= BRIEF =
The lines to repeat run from the one containing "Gallery background" through the last line of the records below; repeat them exactly and give nothing more.

= DATA TO EXAMINE =
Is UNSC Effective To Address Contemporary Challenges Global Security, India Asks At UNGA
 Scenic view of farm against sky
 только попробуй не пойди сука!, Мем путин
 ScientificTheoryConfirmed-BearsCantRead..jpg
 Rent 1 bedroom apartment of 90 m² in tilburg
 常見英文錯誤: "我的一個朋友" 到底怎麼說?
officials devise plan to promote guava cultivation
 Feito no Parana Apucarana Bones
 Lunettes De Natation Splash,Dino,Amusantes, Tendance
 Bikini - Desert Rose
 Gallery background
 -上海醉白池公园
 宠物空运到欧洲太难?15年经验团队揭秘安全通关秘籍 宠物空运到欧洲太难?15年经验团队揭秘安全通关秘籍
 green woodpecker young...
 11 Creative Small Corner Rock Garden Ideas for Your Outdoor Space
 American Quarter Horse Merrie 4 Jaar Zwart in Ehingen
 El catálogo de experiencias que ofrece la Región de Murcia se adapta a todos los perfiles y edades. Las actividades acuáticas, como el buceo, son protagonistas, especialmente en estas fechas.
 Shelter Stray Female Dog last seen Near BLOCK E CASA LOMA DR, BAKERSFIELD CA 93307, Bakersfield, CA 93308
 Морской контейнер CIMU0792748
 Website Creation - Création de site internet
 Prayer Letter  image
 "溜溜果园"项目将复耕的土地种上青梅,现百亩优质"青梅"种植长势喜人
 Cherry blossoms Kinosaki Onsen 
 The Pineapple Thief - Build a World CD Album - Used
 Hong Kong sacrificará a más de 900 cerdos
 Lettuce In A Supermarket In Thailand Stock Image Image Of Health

= RESPONSE AREA =
 Gallery background
 -上海醉白池公园
 宠物空运到欧洲太难?15年经验团队揭秘安全通关秘籍 宠物空运到欧洲太难?15年经验团队揭秘安全通关秘籍
 green woodpecker young...
 11 Creative Small Corner Rock Garden Ideas for Your Outdoor Space
 American Quarter Horse Merrie 4 Jaar Zwart in Ehingen
 El catálogo de experiencias que ofrece la Región de Murcia se adapta a todos los perfiles y edades. Las actividades acuáticas, como el buceo, son protagonistas, especialmente en estas fechas.
 Shelter Stray Female Dog last seen Near BLOCK E CASA LOMA DR, BAKERSFIELD CA 93307, Bakersfield, CA 93308
 Морской контейнер CIMU0792748
 Website Creation - Création de site internet
 Prayer Letter  image
 "溜溜果园"项目将复耕的土地种上青梅,现百亩优质"青梅"种植长势喜人
 Cherry blossoms Kinosaki Onsen 
 The Pineapple Thief - Build a World CD Album - Used
 Hong Kong sacrificará a más de 900 cerdos
 Lettuce In A Supermarket In Thailand Stock Image Image Of Health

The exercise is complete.